Only one stretch of the data is wanted: the line containing "a bathroom with double vanity and a mirror", the line containing "Thomas J. O&#39;Callaghan, the", and every line between them, copied exactly.

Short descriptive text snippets
*** Begin section ***

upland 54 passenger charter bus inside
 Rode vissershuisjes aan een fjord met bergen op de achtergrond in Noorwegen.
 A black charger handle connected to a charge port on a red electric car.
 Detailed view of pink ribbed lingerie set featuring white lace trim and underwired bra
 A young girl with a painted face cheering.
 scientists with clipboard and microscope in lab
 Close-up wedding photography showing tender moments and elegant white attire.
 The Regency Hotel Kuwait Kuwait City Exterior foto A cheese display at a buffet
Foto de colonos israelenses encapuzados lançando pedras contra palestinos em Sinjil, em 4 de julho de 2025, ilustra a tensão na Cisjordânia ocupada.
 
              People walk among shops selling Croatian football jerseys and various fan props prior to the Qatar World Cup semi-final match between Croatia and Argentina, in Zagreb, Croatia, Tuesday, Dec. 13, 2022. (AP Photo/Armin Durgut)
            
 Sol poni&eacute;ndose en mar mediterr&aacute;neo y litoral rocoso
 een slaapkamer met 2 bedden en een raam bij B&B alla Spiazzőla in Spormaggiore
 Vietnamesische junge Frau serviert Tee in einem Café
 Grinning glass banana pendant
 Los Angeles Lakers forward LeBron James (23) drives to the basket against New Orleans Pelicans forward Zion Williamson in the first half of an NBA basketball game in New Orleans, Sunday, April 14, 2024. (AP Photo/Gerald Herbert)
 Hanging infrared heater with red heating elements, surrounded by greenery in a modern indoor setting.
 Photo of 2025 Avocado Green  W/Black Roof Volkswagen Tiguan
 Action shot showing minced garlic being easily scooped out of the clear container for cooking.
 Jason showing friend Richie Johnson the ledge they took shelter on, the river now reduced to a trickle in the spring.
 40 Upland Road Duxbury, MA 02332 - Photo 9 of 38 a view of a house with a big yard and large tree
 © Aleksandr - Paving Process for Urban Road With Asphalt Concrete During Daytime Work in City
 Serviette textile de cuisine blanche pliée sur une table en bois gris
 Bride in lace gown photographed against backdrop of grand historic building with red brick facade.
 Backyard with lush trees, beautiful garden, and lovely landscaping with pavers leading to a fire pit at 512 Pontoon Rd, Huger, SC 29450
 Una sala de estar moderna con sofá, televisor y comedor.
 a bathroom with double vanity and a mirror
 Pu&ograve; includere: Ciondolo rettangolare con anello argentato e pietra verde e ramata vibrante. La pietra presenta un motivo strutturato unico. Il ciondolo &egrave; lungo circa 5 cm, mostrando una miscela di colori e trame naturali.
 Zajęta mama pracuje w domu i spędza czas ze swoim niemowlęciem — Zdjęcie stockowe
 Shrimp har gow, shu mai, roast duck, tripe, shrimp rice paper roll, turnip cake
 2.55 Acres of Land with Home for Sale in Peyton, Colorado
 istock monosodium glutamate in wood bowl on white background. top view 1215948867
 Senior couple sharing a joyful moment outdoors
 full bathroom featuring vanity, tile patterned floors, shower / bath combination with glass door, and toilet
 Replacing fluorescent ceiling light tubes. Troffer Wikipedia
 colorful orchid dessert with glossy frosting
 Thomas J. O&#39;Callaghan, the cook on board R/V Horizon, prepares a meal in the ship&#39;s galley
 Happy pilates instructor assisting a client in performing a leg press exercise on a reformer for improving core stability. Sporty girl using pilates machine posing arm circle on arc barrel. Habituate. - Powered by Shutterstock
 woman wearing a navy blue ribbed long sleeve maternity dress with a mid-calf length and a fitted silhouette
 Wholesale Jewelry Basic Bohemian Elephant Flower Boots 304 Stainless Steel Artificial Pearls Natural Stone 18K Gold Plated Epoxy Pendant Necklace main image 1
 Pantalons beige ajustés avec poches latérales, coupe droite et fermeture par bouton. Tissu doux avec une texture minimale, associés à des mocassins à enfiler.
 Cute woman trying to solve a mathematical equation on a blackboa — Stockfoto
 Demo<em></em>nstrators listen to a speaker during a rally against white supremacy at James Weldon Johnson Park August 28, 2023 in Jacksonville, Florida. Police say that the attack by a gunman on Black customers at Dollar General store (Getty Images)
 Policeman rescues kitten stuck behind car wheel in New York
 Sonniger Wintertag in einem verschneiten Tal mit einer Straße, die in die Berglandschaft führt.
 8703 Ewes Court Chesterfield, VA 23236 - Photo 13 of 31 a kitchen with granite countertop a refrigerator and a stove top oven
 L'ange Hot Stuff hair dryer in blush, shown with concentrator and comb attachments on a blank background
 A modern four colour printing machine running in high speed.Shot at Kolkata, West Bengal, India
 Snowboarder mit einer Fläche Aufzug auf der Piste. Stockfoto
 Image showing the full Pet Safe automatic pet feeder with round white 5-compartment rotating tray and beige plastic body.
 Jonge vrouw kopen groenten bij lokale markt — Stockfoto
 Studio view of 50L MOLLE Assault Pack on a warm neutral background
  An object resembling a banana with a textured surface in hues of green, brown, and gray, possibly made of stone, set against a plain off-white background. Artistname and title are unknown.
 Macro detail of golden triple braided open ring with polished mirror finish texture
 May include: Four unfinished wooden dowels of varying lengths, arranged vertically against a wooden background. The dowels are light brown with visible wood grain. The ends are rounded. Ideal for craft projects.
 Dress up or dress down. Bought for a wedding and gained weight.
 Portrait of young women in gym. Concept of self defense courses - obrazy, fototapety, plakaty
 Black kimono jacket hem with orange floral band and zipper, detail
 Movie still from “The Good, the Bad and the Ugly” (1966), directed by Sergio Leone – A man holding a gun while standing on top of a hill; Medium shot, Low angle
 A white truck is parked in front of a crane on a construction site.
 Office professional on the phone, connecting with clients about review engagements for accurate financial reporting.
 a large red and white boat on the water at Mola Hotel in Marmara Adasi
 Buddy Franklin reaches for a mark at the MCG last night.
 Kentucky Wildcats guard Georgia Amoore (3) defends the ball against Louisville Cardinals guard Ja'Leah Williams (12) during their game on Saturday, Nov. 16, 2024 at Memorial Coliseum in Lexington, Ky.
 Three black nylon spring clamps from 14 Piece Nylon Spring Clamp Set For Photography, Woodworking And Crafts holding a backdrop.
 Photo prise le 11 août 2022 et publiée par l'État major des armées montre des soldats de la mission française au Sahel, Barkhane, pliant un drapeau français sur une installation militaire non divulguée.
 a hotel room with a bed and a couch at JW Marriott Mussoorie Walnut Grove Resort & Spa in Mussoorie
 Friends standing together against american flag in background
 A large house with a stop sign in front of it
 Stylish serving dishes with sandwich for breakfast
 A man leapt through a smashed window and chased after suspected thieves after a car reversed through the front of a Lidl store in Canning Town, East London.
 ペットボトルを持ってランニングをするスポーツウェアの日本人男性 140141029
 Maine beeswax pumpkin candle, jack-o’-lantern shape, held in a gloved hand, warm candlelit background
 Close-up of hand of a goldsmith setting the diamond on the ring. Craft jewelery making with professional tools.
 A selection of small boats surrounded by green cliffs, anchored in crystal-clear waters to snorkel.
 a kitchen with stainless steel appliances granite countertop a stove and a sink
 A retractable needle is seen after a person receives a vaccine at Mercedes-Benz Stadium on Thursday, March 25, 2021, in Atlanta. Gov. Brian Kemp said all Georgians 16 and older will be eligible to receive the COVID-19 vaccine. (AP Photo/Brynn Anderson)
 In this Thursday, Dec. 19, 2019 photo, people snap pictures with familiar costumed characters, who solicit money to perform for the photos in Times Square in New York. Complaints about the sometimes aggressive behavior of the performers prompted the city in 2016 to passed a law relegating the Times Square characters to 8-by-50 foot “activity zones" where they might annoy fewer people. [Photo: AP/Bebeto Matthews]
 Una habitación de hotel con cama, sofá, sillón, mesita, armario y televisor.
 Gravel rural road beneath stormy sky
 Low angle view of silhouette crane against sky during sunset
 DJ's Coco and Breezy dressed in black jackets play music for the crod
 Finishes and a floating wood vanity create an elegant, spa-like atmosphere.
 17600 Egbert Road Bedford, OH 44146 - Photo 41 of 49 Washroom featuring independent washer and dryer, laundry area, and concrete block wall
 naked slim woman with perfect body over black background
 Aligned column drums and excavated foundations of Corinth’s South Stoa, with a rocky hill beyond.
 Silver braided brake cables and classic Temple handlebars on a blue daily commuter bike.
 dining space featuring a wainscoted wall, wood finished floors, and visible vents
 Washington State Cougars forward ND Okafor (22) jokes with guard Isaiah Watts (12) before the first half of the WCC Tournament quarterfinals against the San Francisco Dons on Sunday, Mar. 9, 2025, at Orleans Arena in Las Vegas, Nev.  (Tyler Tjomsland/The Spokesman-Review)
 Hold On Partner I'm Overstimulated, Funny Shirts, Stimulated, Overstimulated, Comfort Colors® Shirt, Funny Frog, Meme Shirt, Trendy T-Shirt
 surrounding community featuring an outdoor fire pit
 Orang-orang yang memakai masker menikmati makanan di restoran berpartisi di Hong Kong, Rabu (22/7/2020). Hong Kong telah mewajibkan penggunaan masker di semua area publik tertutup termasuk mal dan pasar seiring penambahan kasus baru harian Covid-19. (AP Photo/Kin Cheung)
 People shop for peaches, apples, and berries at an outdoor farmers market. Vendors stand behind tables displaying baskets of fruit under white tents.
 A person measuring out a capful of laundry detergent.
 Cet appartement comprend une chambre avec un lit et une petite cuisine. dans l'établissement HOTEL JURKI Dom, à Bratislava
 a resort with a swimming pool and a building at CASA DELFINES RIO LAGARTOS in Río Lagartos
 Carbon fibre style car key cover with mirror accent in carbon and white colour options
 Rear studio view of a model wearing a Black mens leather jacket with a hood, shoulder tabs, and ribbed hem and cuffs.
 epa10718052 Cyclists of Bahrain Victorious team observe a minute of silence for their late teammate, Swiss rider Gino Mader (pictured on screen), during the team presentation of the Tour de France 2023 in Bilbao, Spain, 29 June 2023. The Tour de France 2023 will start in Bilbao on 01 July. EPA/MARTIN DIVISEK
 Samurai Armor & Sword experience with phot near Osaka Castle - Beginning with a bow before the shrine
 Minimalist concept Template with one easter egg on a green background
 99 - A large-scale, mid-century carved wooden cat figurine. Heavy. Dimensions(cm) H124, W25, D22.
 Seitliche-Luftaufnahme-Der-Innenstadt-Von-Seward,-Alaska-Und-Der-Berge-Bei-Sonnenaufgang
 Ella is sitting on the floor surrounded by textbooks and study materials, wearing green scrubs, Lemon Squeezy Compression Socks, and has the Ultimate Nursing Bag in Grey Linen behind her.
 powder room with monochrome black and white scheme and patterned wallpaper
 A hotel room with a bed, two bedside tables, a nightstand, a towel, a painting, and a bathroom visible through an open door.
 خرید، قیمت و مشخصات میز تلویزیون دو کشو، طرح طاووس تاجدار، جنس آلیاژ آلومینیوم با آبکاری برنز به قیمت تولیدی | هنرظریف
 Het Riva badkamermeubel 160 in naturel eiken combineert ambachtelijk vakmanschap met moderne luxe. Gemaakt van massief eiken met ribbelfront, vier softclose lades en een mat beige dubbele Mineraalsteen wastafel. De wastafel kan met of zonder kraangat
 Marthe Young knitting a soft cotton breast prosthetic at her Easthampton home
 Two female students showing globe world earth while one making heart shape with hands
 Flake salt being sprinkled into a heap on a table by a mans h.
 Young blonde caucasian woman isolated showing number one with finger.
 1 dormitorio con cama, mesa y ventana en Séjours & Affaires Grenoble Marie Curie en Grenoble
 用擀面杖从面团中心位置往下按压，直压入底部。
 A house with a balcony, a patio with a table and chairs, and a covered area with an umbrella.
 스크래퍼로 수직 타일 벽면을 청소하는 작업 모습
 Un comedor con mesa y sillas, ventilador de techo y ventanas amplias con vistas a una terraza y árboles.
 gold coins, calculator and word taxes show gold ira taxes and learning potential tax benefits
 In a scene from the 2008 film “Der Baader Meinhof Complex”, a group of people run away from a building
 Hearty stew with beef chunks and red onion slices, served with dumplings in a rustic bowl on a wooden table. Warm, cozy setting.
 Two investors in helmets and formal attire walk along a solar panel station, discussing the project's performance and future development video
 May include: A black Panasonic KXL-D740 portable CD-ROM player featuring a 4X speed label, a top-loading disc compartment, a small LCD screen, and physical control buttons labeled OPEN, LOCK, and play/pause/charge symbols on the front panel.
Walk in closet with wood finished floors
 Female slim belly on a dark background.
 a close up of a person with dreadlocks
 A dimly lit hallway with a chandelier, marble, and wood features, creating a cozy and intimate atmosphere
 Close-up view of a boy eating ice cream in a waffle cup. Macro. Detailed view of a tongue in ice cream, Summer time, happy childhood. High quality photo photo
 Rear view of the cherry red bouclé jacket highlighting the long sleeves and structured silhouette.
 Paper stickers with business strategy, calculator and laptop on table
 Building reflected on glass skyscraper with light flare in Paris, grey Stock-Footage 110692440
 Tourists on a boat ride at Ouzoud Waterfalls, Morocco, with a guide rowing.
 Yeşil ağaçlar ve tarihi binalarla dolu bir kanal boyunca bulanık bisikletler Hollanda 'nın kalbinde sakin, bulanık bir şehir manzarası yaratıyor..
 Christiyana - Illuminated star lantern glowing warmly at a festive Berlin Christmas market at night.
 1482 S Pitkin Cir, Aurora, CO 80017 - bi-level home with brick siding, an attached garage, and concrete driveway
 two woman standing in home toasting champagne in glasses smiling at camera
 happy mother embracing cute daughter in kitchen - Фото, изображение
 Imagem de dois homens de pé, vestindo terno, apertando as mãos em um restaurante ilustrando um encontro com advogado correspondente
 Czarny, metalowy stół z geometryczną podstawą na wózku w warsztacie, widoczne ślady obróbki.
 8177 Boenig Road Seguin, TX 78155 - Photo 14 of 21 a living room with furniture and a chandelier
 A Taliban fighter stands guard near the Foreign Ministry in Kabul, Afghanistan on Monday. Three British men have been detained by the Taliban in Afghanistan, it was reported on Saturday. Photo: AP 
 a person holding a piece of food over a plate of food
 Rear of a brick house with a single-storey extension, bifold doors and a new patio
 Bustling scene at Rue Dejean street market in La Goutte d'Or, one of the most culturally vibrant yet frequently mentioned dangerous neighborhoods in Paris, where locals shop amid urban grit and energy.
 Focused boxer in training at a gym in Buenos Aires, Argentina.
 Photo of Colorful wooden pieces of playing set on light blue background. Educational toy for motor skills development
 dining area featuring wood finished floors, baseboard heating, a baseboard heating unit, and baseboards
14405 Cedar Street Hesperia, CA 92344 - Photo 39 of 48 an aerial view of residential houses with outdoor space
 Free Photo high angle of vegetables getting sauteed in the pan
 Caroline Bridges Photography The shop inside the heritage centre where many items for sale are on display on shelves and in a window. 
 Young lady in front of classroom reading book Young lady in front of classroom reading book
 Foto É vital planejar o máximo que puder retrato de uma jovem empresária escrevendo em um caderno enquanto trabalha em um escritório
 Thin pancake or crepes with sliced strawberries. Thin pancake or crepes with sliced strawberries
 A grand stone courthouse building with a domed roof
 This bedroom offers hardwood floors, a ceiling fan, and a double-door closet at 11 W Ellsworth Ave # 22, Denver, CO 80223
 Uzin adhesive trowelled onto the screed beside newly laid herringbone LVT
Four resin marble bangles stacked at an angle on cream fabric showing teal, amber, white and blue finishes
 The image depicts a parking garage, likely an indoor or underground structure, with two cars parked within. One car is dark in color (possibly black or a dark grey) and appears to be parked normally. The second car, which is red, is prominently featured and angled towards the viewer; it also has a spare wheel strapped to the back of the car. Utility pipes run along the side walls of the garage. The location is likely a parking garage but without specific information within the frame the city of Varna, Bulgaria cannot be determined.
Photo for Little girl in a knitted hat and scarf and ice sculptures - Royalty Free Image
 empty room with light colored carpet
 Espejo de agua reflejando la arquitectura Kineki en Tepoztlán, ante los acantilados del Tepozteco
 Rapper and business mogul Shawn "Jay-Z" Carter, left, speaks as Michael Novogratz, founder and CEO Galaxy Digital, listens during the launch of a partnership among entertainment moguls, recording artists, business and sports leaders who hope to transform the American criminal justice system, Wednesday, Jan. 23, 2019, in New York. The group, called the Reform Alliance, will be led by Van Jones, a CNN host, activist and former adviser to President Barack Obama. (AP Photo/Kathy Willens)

*** End section ***

- Reply -
 a bathroom with double vanity and a mirror
 Pu&ograve; includere: Ciondolo rettangolare con anello argentato e pietra verde e ramata vibrante. La pietra presenta un motivo strutturato unico. Il ciondolo &egrave; lungo circa 5 cm, mostrando una miscela di colori e trame naturali.
 Zajęta mama pracuje w domu i spędza czas ze swoim niemowlęciem — Zdjęcie stockowe
 Shrimp har gow, shu mai, roast duck, tripe, shrimp rice paper roll, turnip cake
 2.55 Acres of Land with Home for Sale in Peyton, Colorado
 istock monosodium glutamate in wood bowl on white background. top view 1215948867
 Senior couple sharing a joyful moment outdoors
 full bathroom featuring vanity, tile patterned floors, shower / bath combination with glass door, and toilet
 Replacing fluorescent ceiling light tubes. Troffer Wikipedia
 colorful orchid dessert with glossy frosting
 Thomas J. O&#39;Callaghan, the cook on board R/V Horizon, prepares a meal in the ship&#39;s galley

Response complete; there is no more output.